Variation Selectors

From: Asmus Freytag (
Date: Mon Mar 27 2006 - 03:32:45 CST

  • Next message: Antoine Leca: "Re: DIY OpenType Re-ordering"

    On 3/25/2006 6:09 PM, Richard Wordingham wrote::
    > At 00:15 +0000 2006-03-26, Richard Wordingham wrote:
    >>> Does anyone care to expound the theory of variation selectors? There
    >>> may be words in white in the TUS saying 'only for unifying CJK
    >>> variants that the Chinese (or Japanese, especially with surnames)
    >>> insist are different.'
    > I have [read TUS]; or at least, I have read TUS 4.0 Section 15.6
    > 'Variation Selectors'. Several times. (I can find no indication that
    > it is different to TUS 4.1 Section 15.6.) I have the nagging feeling
    > that I have missed something.
    > Richard.
    I don't know what you mean by theory of variation selectors. However, I
    think it might be useful to summarize some of the facts that can be
    gathered from reading TUS (and not only section 15.6)
    and add some observations along the way:

    Variation selectors work best when you have two shapes that can clearly
    be substituted for each other in the majority of cases, but where there
    are some (non-predictable) instances in which it is required to use only
    one of them to the exclusion of the other.

    Variation selectors are best considered a solution of last resort. It
    would be inappropriate to have them occur very frequently, that's not
    just because of the space they take up, but also because there will
    always be implementations of processes that will not handle them
    correctly (i.e. not ignore them).

    So far, variation sequences have been *standardized* for Math and
    Mongolian (apparently an "M" is required at the start of the name of the
    writing system ;-).

    For math, the variations allowed us to claim that certain minor shape
    variations are not semantically meaningful, without having to prove that
    proposition rigorously (by fully unifying the characters). [Rigorously
    establishing unifications in math can verge on the impossible, because
    the writing system is fundamentally open-ended.] At the same time, the
    variation sequences allow mapping to existing entity sets and character
    sets. So, in a way, they were primarily used to avoid creating
    compatibility characters and the need to map between them. Instead, if
    you just ignore the variation selector, the two base characters are
    already the same character - no cross mapping needed.
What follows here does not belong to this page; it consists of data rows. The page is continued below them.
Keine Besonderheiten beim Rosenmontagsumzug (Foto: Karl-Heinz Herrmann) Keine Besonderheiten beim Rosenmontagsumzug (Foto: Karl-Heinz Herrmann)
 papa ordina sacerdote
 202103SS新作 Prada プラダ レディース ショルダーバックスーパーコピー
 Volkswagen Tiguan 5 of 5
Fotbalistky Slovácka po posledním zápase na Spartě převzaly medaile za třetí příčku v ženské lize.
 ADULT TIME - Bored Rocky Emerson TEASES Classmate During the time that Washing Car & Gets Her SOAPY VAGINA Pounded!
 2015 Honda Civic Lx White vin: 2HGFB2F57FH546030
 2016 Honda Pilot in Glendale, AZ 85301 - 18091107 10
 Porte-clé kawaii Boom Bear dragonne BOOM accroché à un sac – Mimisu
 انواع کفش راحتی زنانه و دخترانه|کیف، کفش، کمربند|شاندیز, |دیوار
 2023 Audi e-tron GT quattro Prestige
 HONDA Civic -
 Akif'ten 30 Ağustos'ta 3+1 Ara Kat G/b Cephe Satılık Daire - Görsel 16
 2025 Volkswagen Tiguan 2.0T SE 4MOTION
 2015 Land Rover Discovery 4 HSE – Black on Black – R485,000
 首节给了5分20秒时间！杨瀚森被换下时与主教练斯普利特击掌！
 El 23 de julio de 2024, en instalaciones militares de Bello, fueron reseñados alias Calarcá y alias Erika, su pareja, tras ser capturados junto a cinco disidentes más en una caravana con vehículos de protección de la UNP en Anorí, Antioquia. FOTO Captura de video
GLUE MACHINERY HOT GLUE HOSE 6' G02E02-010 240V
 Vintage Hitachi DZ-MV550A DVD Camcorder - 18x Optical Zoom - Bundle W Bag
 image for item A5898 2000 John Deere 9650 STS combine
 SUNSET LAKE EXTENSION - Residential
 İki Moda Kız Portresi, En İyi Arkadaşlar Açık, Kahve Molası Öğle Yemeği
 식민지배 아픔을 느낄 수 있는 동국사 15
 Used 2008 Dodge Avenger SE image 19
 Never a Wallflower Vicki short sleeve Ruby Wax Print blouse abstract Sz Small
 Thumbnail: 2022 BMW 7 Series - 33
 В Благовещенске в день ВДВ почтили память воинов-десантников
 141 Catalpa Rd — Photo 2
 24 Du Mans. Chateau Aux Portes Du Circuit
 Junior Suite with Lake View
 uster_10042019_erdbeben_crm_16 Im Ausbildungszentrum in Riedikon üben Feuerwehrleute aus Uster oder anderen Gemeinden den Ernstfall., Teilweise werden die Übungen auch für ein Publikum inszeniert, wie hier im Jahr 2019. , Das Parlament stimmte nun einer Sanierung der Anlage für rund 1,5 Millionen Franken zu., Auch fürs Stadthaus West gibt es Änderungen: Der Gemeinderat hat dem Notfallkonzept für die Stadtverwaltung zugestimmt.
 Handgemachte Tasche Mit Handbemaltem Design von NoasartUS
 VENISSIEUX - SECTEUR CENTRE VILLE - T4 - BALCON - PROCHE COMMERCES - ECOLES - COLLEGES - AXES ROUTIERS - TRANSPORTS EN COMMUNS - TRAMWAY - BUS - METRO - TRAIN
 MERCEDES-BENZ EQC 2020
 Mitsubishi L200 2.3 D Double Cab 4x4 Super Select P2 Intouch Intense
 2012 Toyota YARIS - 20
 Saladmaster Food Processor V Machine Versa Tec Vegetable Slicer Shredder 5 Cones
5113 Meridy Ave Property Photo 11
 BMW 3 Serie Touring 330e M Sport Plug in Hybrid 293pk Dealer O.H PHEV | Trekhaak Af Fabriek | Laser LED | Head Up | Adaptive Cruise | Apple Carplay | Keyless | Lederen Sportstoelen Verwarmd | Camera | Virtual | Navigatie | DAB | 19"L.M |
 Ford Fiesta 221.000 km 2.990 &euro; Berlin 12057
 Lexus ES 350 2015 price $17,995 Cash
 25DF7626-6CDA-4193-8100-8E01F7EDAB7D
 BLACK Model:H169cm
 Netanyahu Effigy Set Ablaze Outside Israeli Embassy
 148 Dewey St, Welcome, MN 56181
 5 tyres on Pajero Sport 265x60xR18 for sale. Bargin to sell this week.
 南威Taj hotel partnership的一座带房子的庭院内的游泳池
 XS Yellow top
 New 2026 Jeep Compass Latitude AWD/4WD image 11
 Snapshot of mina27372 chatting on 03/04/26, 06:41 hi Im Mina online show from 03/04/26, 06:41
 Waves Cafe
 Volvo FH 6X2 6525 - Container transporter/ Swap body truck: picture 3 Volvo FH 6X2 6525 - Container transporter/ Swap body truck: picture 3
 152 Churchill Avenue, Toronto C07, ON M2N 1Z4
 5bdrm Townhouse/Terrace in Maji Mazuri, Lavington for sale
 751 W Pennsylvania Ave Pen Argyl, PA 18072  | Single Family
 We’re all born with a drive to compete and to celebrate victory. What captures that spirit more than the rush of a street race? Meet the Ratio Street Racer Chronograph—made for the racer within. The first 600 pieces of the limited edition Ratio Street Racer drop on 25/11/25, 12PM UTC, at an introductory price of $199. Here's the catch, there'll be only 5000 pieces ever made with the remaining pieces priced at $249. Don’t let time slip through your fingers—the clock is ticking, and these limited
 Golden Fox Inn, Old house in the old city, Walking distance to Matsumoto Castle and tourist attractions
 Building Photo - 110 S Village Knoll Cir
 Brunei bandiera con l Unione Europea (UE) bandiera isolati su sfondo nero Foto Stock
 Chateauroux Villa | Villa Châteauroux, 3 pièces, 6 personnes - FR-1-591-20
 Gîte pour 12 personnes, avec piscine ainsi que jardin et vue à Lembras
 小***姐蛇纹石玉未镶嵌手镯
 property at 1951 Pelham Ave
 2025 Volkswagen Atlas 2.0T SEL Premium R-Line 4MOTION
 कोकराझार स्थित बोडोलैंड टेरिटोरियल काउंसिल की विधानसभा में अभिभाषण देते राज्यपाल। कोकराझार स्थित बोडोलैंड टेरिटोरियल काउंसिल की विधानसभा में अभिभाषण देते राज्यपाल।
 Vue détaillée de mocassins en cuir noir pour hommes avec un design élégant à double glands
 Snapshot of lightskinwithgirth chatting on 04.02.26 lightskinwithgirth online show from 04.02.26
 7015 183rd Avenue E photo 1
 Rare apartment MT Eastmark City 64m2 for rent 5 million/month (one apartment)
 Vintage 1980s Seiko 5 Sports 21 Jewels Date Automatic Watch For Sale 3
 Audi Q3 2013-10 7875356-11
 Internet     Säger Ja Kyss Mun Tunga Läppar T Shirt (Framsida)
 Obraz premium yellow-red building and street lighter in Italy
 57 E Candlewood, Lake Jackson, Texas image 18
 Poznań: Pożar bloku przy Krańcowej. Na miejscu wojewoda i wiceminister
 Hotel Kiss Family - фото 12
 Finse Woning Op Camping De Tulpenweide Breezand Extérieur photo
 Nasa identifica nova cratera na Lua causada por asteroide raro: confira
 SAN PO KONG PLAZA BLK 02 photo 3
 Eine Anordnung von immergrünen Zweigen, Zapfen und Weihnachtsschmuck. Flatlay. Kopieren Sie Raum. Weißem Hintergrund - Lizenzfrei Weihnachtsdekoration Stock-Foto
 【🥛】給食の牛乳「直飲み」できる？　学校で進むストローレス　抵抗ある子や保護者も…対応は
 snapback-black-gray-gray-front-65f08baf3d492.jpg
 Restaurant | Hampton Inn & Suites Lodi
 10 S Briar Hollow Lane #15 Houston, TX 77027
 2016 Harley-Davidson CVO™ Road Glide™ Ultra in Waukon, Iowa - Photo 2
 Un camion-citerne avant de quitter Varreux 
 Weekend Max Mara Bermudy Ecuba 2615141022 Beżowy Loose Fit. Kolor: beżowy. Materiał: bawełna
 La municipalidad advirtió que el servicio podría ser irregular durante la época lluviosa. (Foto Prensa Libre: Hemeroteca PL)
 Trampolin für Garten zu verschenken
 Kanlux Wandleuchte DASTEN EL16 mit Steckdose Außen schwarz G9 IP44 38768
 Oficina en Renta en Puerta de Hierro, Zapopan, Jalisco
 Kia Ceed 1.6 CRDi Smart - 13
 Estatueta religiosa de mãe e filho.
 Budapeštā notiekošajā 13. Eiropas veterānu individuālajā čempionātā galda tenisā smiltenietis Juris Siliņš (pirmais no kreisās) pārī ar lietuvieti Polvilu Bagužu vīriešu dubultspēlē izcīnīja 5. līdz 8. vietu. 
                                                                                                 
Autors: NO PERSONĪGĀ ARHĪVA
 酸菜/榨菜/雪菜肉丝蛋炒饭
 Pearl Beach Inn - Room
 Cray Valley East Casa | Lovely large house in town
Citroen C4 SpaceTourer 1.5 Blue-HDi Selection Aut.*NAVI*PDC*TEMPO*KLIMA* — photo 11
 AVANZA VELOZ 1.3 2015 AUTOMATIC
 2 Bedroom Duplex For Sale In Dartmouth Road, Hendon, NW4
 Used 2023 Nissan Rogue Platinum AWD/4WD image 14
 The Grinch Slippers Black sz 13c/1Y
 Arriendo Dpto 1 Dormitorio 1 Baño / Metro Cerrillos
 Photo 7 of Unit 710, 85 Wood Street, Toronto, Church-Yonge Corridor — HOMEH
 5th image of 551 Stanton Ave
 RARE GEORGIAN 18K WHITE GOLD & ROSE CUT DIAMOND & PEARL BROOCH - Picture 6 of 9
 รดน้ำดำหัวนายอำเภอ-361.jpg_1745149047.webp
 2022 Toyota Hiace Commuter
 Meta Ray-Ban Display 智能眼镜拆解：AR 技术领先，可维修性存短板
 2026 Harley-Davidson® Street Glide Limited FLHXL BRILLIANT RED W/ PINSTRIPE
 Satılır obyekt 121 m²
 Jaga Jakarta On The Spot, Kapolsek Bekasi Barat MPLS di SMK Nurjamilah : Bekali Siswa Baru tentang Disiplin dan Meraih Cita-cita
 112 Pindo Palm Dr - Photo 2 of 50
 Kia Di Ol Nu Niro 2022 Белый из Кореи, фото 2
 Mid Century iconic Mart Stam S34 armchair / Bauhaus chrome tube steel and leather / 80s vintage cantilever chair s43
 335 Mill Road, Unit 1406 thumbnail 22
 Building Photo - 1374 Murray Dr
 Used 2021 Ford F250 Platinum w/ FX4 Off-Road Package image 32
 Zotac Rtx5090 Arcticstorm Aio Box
    For Mongolian, the FVS are needed to override the shaping mechanism in
    unusual cases. Think of them as super ZWJ/ZWNJ just as Mongolian shaping
    is Arabic-style shaping on steroids. By making the FVS script-specific,
    we give additional context: Mongolian layout engines need to consider
    them, practically all other processes ignore them (or let them pass

    The role of variants in the CJK system is a particularly well-understood
    one, and the variation selector mechanism models that understanding
    directly, which, in a sense, can be considered a good thing. As there
    may be many variants for each character, a major issue in the CJK
    environment is cataloging - we eventually came to the conclusion that
    standardization of variation sequences along the model outlined in
    Section 15.6 is a futile exercise. UTS#37 provides a way to register
    sets of variants.

    UTC and WG2 have left open the future use of variation selectors. If
    equally compelling needs arise (compared to the one I've summarized
    above) then variation selectors could once again be part of the
    solution. All things being equal, any solution that does not require
    them, will be automatically preferred.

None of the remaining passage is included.